夏に抱き合うとこういうものなのだろうか。

こんな現実的なのだろうか。


__ううっ、あつい。重い……。


「あつ……い……って、あっつ。ほんとにあっつ。

 りょ、涼ちゃん?」


ようやく異変を感じて、私に全体重を預け始めた涼ちゃんの体をぐいっと引き離す。

なんとか涼ちゃんの顔が見えたと思ったら、涼ちゃんは目をつむったままぐったりとしている。

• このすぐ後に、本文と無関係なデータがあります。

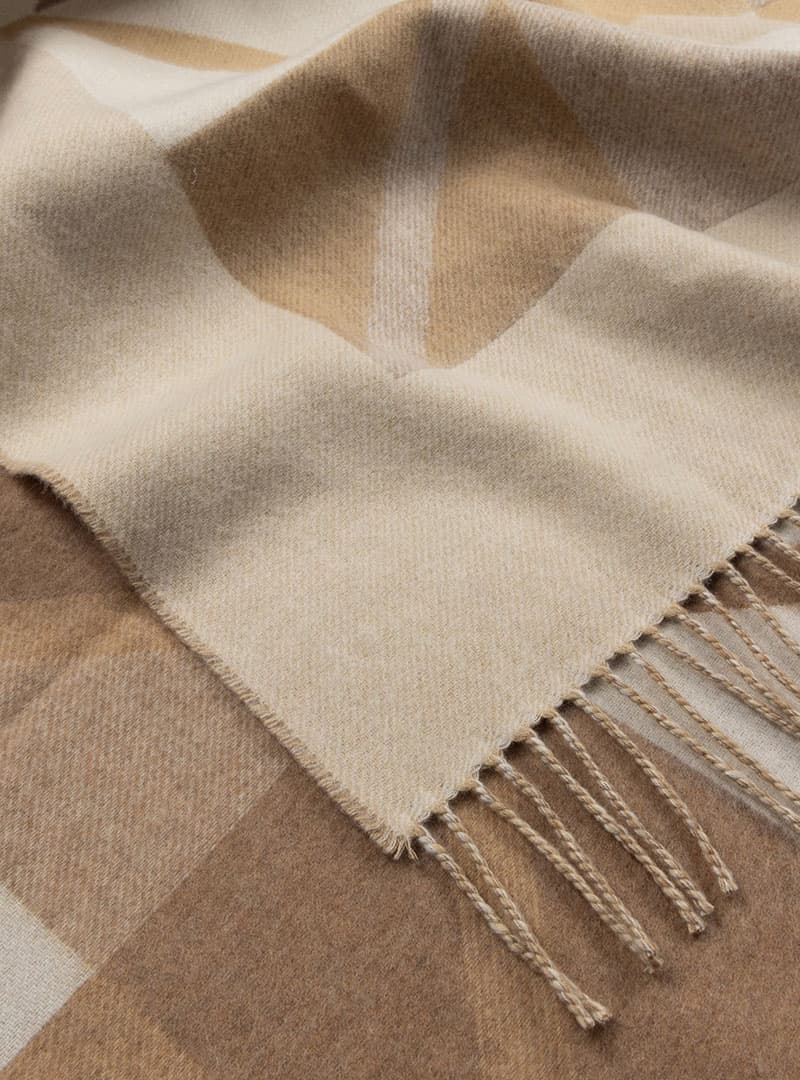close up of light natural geometric throw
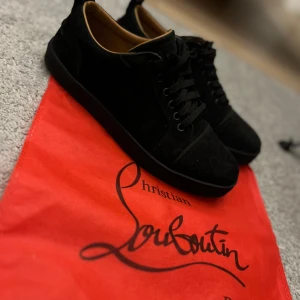 Svarta Christian Louboutin - Snygga svarta sneakers från Christian Louboutin. Skorna har en stilren design med snörning och är tillverkade i mocka. Perfekta för den som vill ha en touch av lyx i vardagen. Undersidan är bara smutsig har använt skorna två gånger men inte tvättat dom. Säljer dom på grund av att jag ej har den stil längre. Pris kan diskuteras, Hör av dig om du är intresserad😁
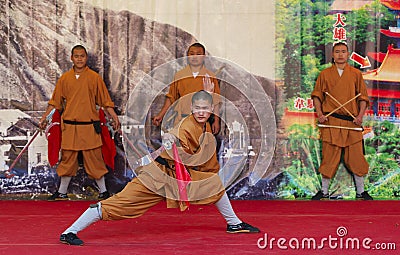 Monk of Shaolin temple performs wushu at Po Lin monastery in Hong Kong, China. Editorial Stock Photo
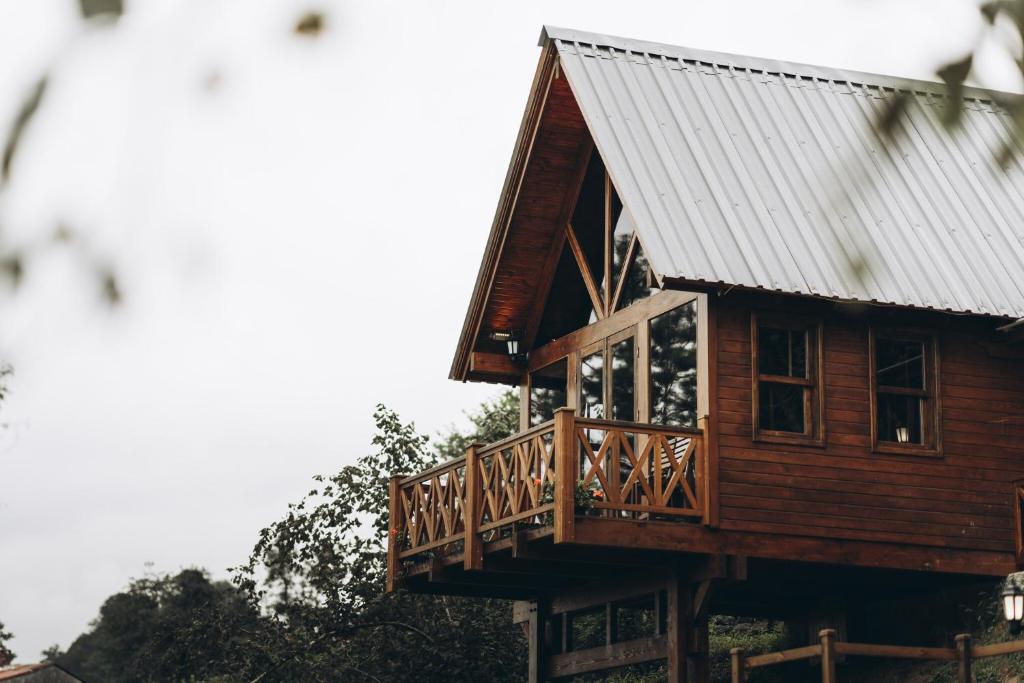 Cabaña de madera con balcón y techo de metal en Lome Çiftliği Otel ve Restoran en Artvin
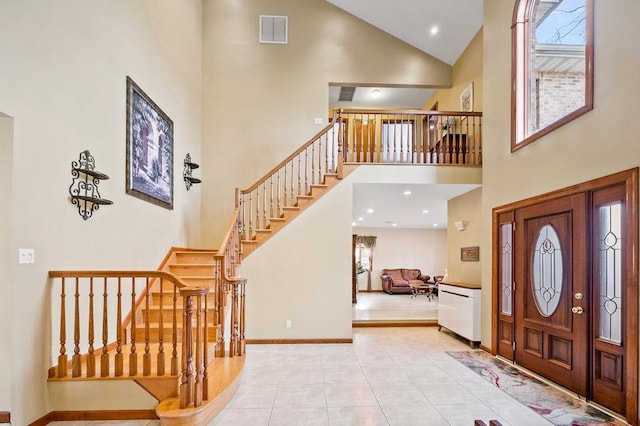 tiled entrance foyer featuring high vaulted ceiling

私に体を引き離されてもなお、私に寄りかかろうとする。


「涼ちゃん、どうしたの? 大丈夫?」


涼ちゃんの顔は赤かった。

汗も尋常じゃないくらい出ている。

息も荒々しい。


「どうしよう、救急車呼んじゃう? 誰かに、助けを……」

「救急車なんて大げさだから。他人も呼ばなくていい。帰って寝れば治るよ」


涼ちゃんはパニックになる私に、落ち着いた声でそう言った。

だけどその声はかすれて、弱々しかった。


「帰るって、帰れないじゃん。こんな体でどうやって動くの?」


そう言う私は涙声になっている。

目にもいつの間にか、涙がたまっている。

ああ、情けない。

私、マネージャーなのに。

どうして気づかなかったんだろう、涼ちゃんがこんな体になるまで仕事してたこと。

きっと誰にも気づかれないように、隠してたんだ。

だけど私はマネージャーなんだから、私だけでも気づかなきゃいけなかったのに。

私はマネージャーの仕事はそっちのけで、かわいい衣裳や普段と違うメイクにときめいて、素人のくせにモデルなんかして、みんなからの「かわいい」にのぼせ上って。

ほんと何やってたんだろう。

涙があふれ出そうになる。

どうしていいのかわからない。

何をしたらいいのかわからない。

何のために自分がここにいるのかわからない。

何もできない自分が嫌になる。

ぼろぼろと涙があふれ出てしまったその時、頬を伝う涙を、指先がそっと撫でる感触があった。


「ほんとに、大丈夫だから」


熱のあるとろりとした瞳で、涼ちゃんは私を見つめた。

そして、ふっと目元を緩めた。

こんな事態だというのに、そんな表情、ずるい。

どこまで優しいのだろう。

こんな状態でも私を安心させようとする涼ちゃんの心意気に、また涙が追加される。